This repo collects some latest research work of Generative AI. It provides simple implementations to understand the ideas and some follow-up discussions to inspire future work.
Native Sparse Attention (NSA) is proposed by DeepSeek for efficient language models. The techniques can also be applied to vision generation. Since video generation is often trained by diffusion or flow matching with full attention, the sliding attention in NSA can be skipped. Token compression and selection can be done in 1D or 3D, depending on the latent space.
Follow-up
Token compression provides an overview of the entire sequence. Uncompressed token blocks are then selected based on their attentions scores. A recent work DART proposes to consider duplication in token selection. It first selects a fewer pivotal tokens, and then similar token to the pivotal ones are ignored in the token selection. This allows to select more diverse tokens. In another work DivPrune, the problem is formulated a Max–Min Diversity Problem (MMDP). It’ll be interesting to see how these techniques work for generation tasks.

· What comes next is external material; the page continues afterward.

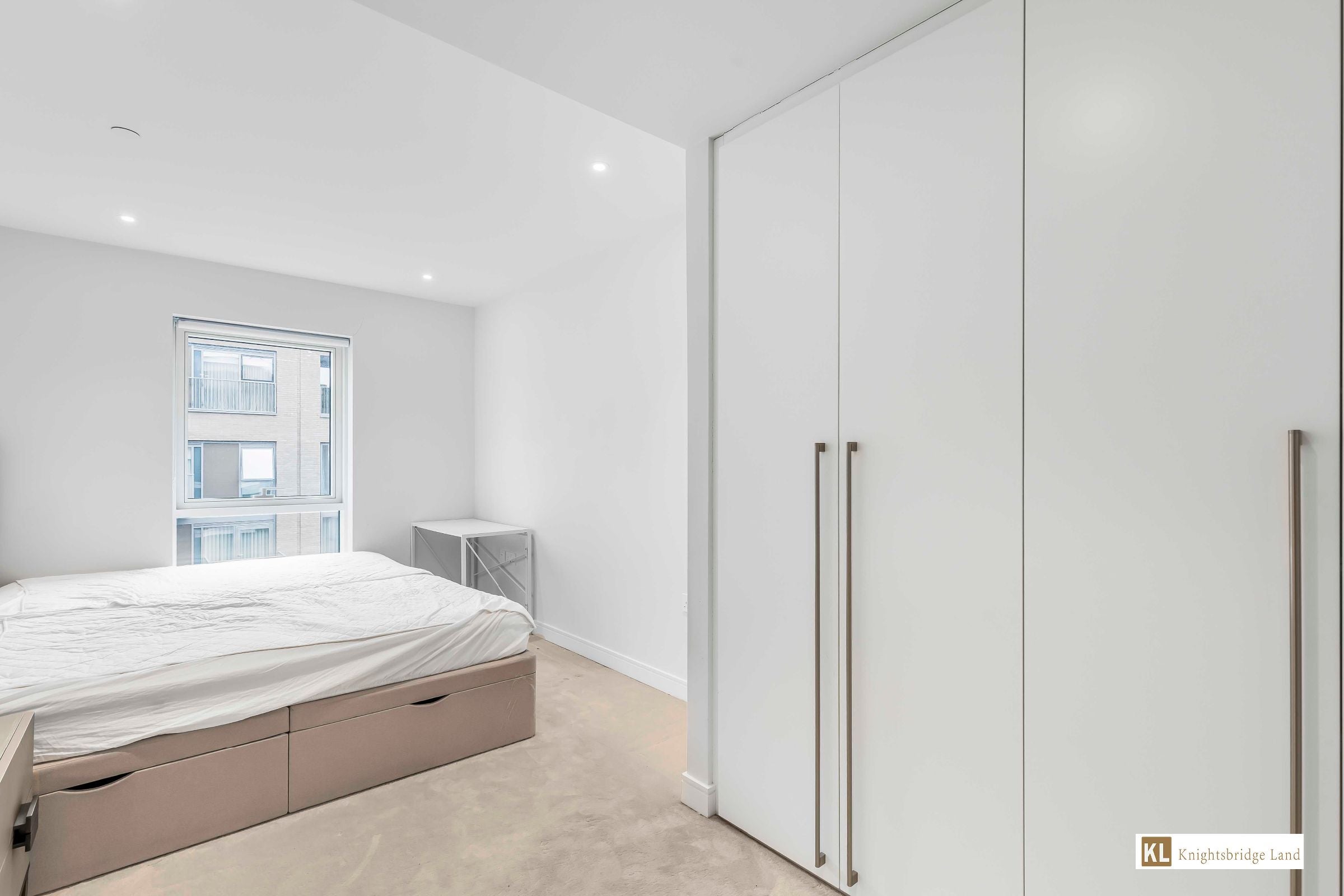 Flat Thurstan Street in Greater London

DeepSeekMoE uses fine-grained experts and shared experts on top of standard MoE. An MLP layer typically uses a large intermediate dimension, e.g. 6 times of input dimension. DeepSeekMoE uses a smaller intermediate dimension to get more experts without increasing computation. Using fine-grained experts enhances the combinatorial flexibility of activated experts.
Follow-up
MoE is efficient at inference when batch size is 1. If batch size is greater than 1, more experts will be activated, and it can take more memories than a dense model. To address this problem, ByteDance releases Comet, an efficient infrastructure for MoE.